By TIM FAULKNER/ecoRI.org
News staff
WARWICK — The
renewable energy conference canceled by Hurricane Sandy in October returned
this week to help prevent future climate change-induced storms.
The Jan. 10 Marine
Renewable Energy Technical Conference at the Crowne Plaza reached an audience
of scientists immersed in the emerging research of wave energy, offshore wind
power and underwater tidal energy.
The technology is
still deep in the research stage. Many of the devises and date discussed at the
conference focused on methods for measuring the sizable energy from oceans and
rivers. Federal grants have supported this research, helping broaden programs
at the University of Rhode Island, University of New Hampshire and the
University of Massachusetts-Dartmouth.
John Miller, the
director of the conference, said wave and tidal technology is getting closer to
commercial applications. As a renewable energy, offshore wind and wave energy
can provide a constant energy supply that solar and onshore wind lack, he said.
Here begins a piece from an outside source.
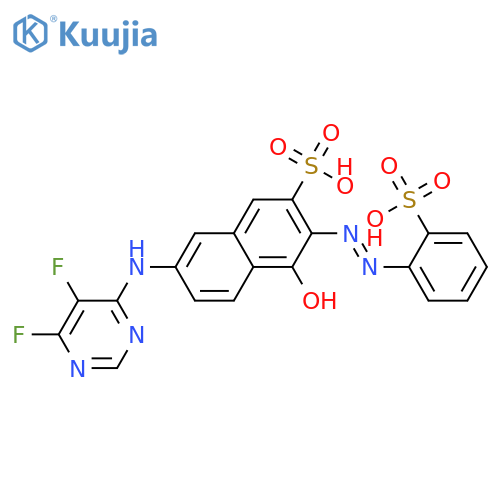 2-Naphthalenesulfonic acid,7-[(5,6-difluoro-4-pyrimidinyl)amino]-4-hydroxy-3-[(2-sulfophenyl)azo]- structure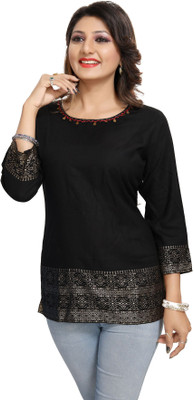 Meher Impex Casual Printed Women Kurti(Black)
The Northeast doesn’t have the same wave force as other regions, he added, but
there is still energy to harness.
Offshore areas that
are closed to fishing would be well suited for this technology. “We just have
to develop technologies that work here,” Miller said.
Sen. Sheldon
Whitehouse, D-R.I., opened the conference by speaking of the “grave anxiety”
from scientists about unprecedented levels of carbon dioxide in the atmosphere
and increasing ocean acidity. The damage to ocean reefs around the world has
been devastating, he said. Carbon emissions, the main contributor to climate
change, recently registered above 400 parts per million in the Arctic,
Whitehouse noted.
“The work you are
doing here is very important,” he said. “The stakes are very, very high.”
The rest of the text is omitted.